Okay. And then, maybe just a more detailed update on B2H. You mentioned it shifted a little bit, yet you're still expecting to break ground this year. I mean, what's the likelihood that it's the earliest 2026? Is that still realistic and on track?
Yes, so you've been following us for quite a while. So, this has been quite the process to get to where we are. So, we're feeling good about getting to the finish line with permits. Right now, there have been some delays in getting the notice to proceed. It's mostly due to just the responsiveness of the agencies. But I will have Adam give you a little more color on it. But I feel like we're getting to the end. I think it won't be any sooner than 2026 for sure.

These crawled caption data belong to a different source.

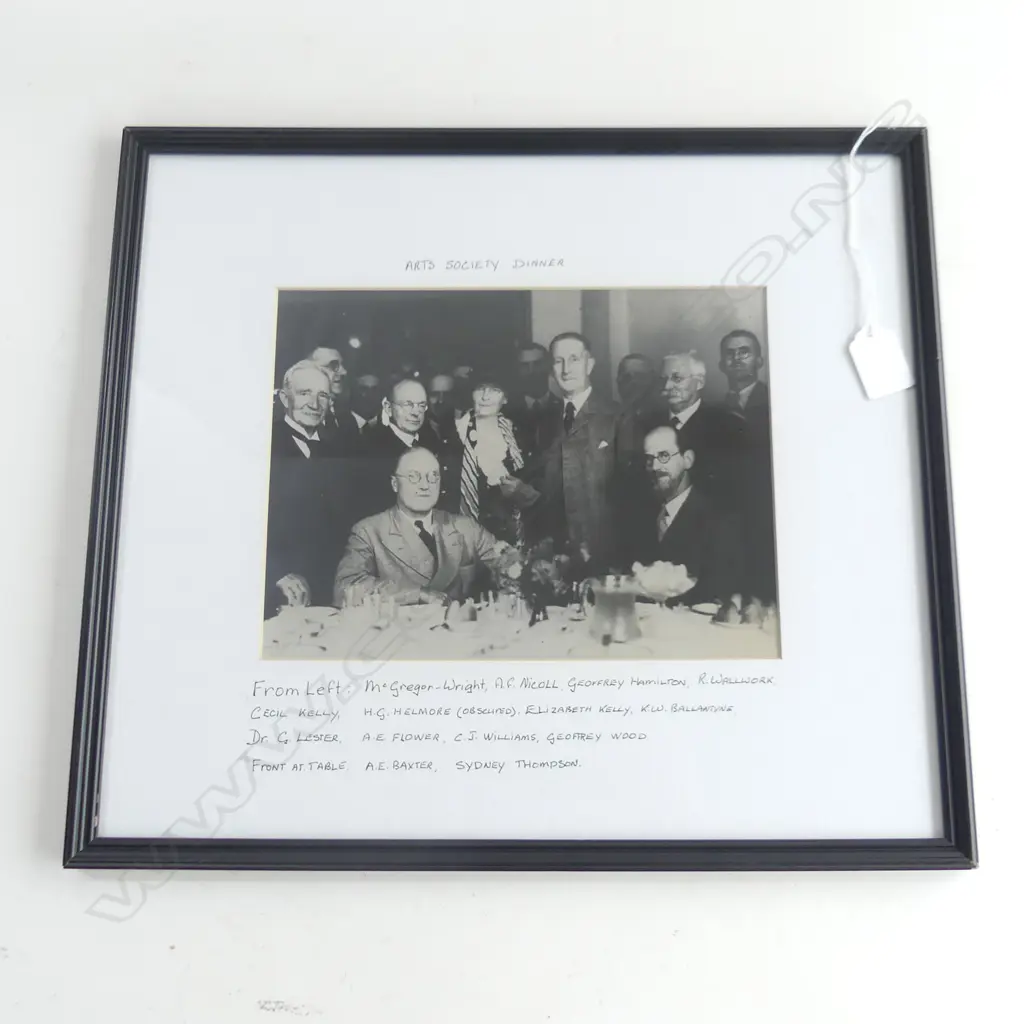 PHOTOGRAPH CHCH ARTS SOCIETY DINNER TITLED & all participants named Image 1++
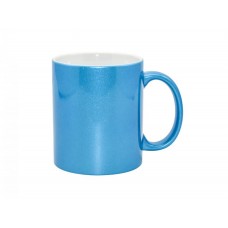 11oz Glittering Mug-Lake Blue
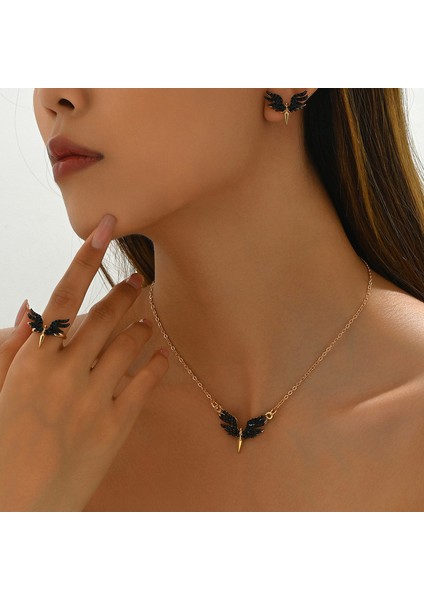 YUANYING-5409-2 Altın Melek Kanatlı Takı Seti (Yurt Dışından) fiyatları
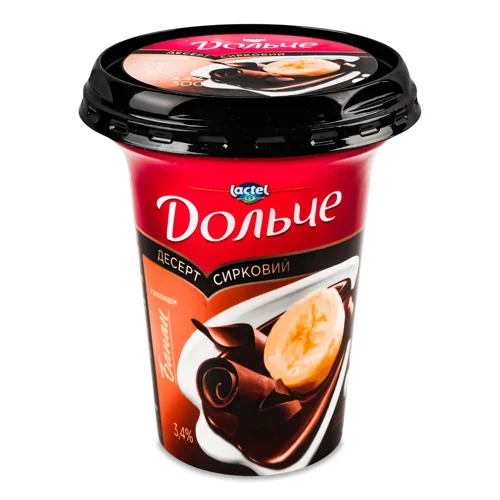 Десерт сирковий Дольче банан шоколад 3,4% ст, 300г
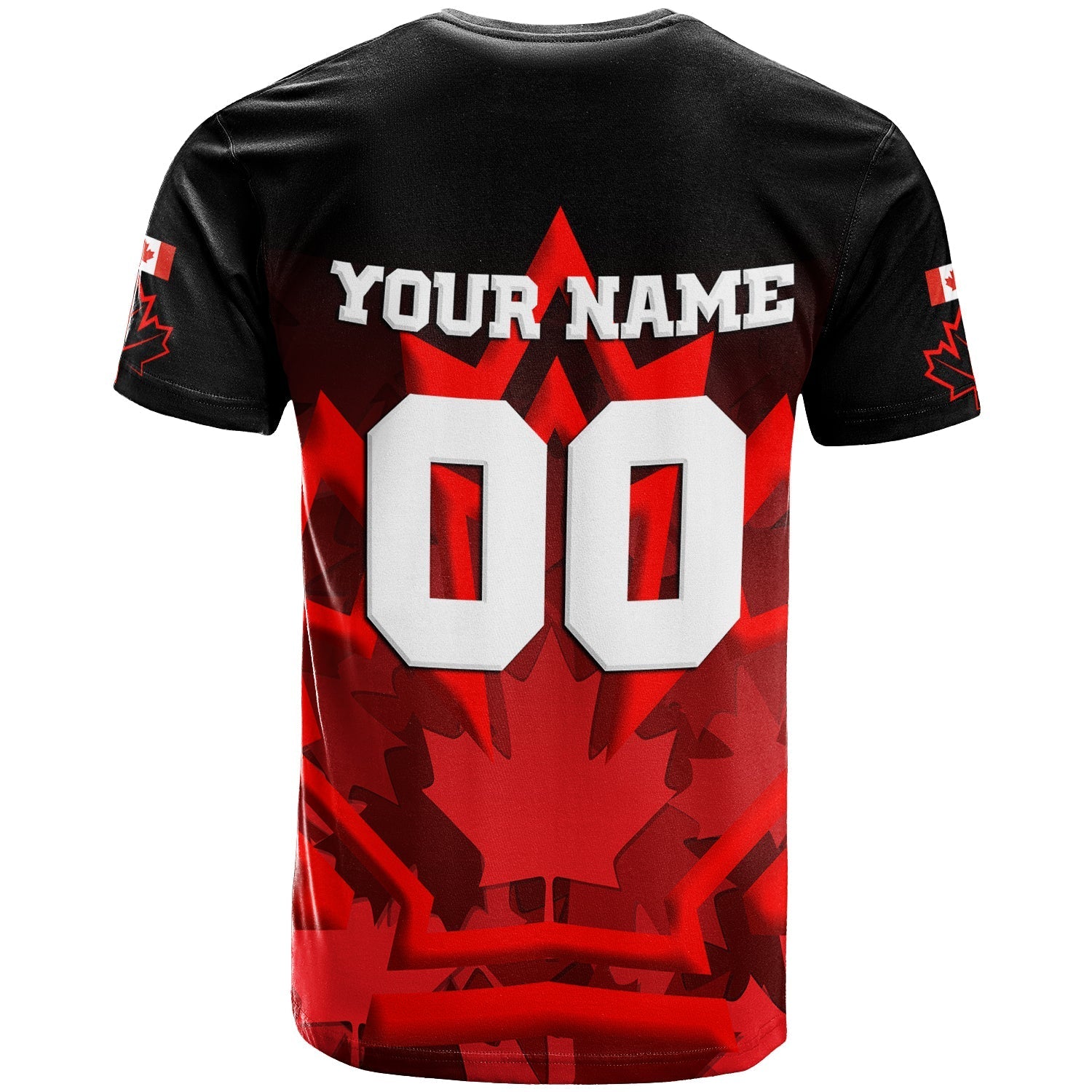 custom-personalised-canada-hockey-with-maple-leaf-t-shirt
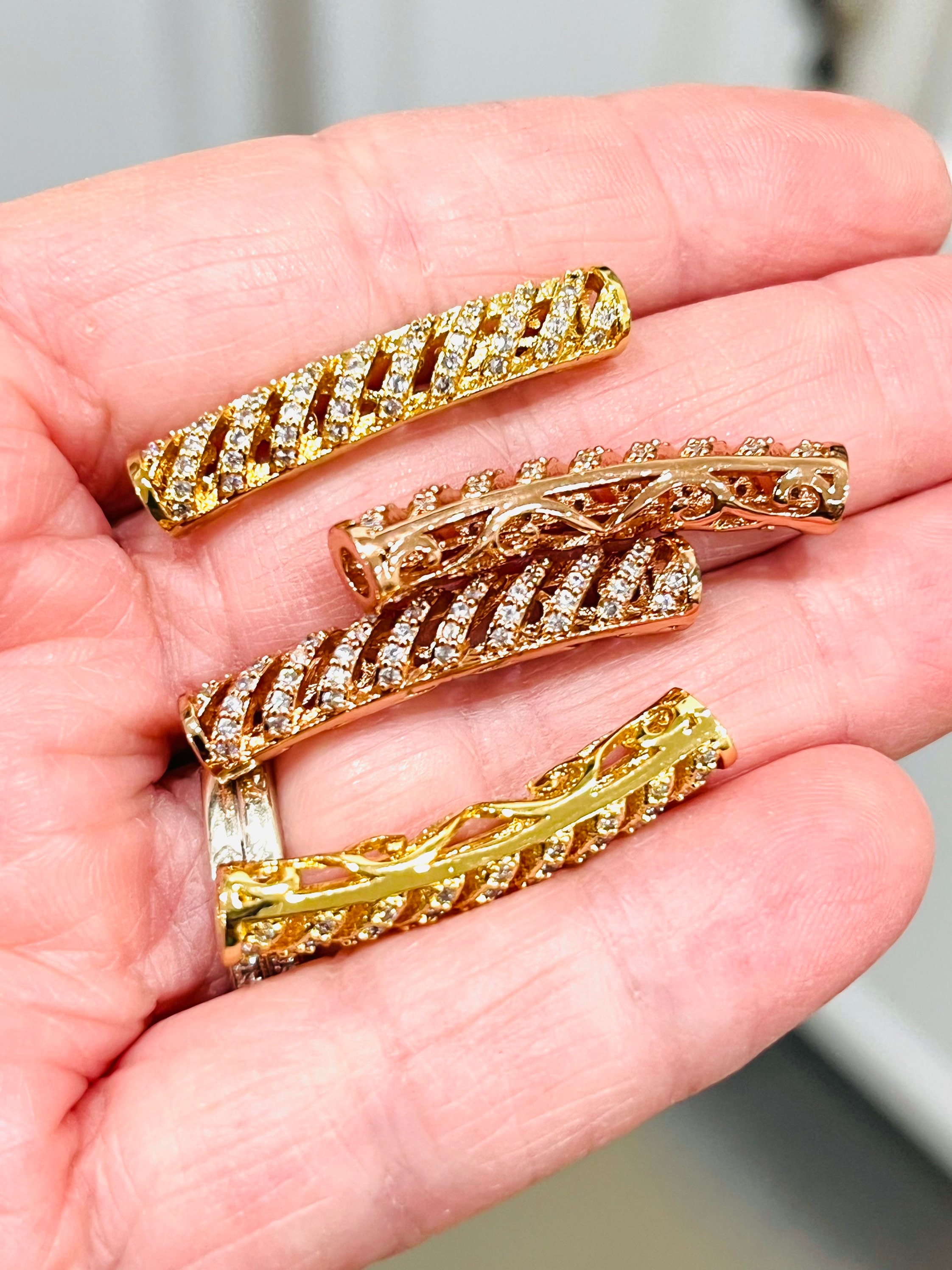 6mm, 8mm, 10mm Gold Plated Daisy Beads, Daisy Spacer Beads, Gold Jewelry  Beads, Bracelet Beads, Spacers, 25 Beads per Pack 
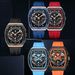 CURREN Brand Multifunctional Sports Luminous Quartz WristWatch Silicone Strap Waterproof Tonneau Shape Watch For Men_voghion.com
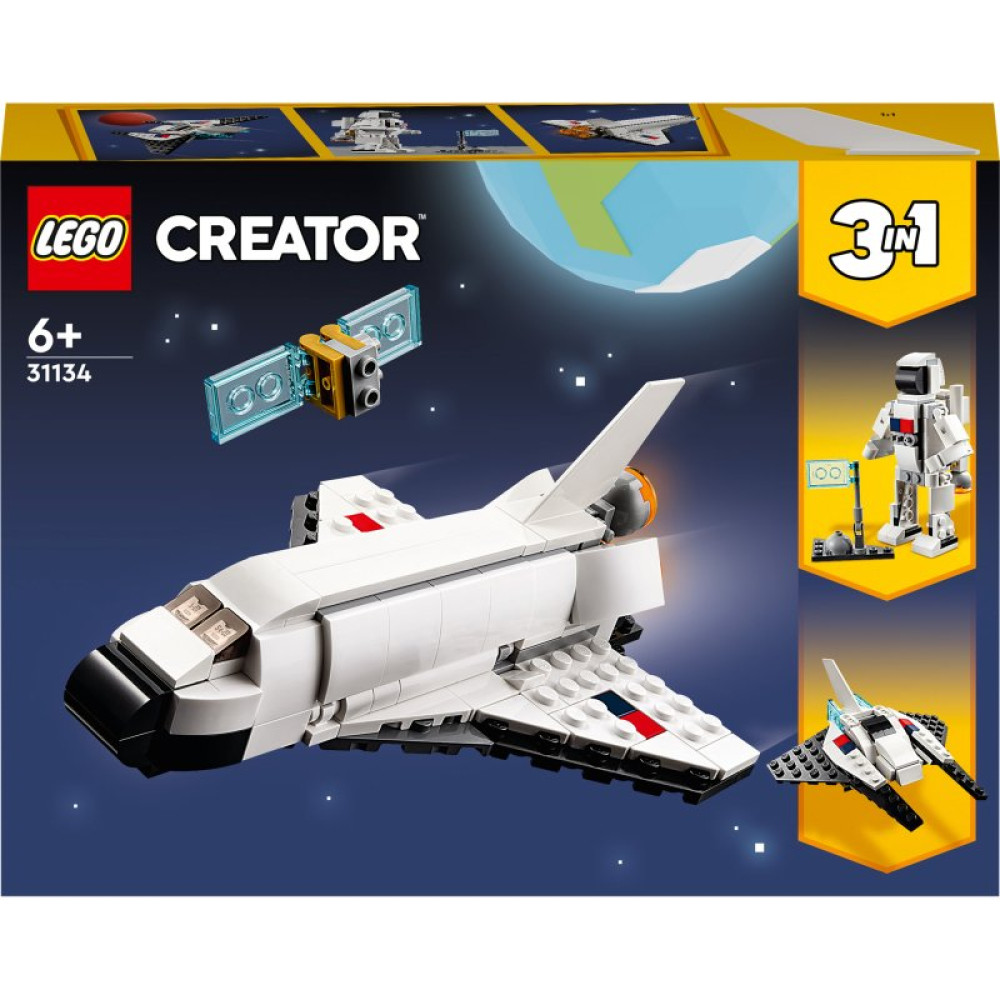Конструктор LEGO Creator Космический шаттл 144 деталей (31134) Конструктор LEGO Creator Космический шаттл 144 деталей (31134)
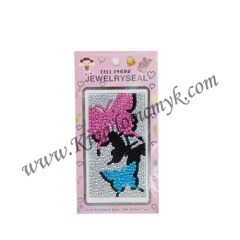 Shiny Butterfly Crystal Phone Sticker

Yes, you hit on most of it. The issue we've run into is just a little bit of delays related to the notice to proceed from the Oregon Department of Energy and from the BLM. We still do plan to start construction this year, hopefully in the first half of this year if possible. And our end date is still 2026, given what we're seeing. So, as long as we can work with agencies, get some of these final notices to proceed, we have some right-of-way work to also do. And then, we're doing some micro-siting and some amendments on that front. If it all comes together, yes, construction would start in 2024 and it would end before the end of the year in 2026.
Okay, great. And lastly, just given new rates, and I suppose it might be tiered rates during the peak demand season along with the ADITCs, which are partly due to the battery storage revenue being transferred there, anything we should be aware of in terms of the quarterly dispersion of your margins or earnings as it relates to your full-year guidance?
Brian, not from my perspective, I mean, one of the things we've done in the past is we've used ADITCs. We have made an estimate early in the year of the full-year ADITC usage amount. And then, we record that pro rata over the year, not based on anticipated sales each quarter. So, you'd expect us to do that again this year with the ADITCs. But otherwise, yes, there were some minor changes in the case to tiering, but I wouldn't expect it to have a dramatic impact on seasonality. We should still have seasonality that's similar to what we've seen in the past, driven more heavily by weather than by any changes to rates.
Okay, thank you very much.
Thank you.
Thanks, Brian.
Thank you. And there's a final opportunity here. And we'll pause for just a few moments to see if any questions come into our queue. All right, it looks like there are no further questions. So, this does conclude the question-and-answer session for today. Ms. Grow, I will turn the conference back over to you.
Thank you. Thanks to everyone for joining us this afternoon and for your continued interest in IDACORP. I hope you all enjoy President's Weekend and have a great evening. Thank you.
That concludes today's conference. Thank you for your participation.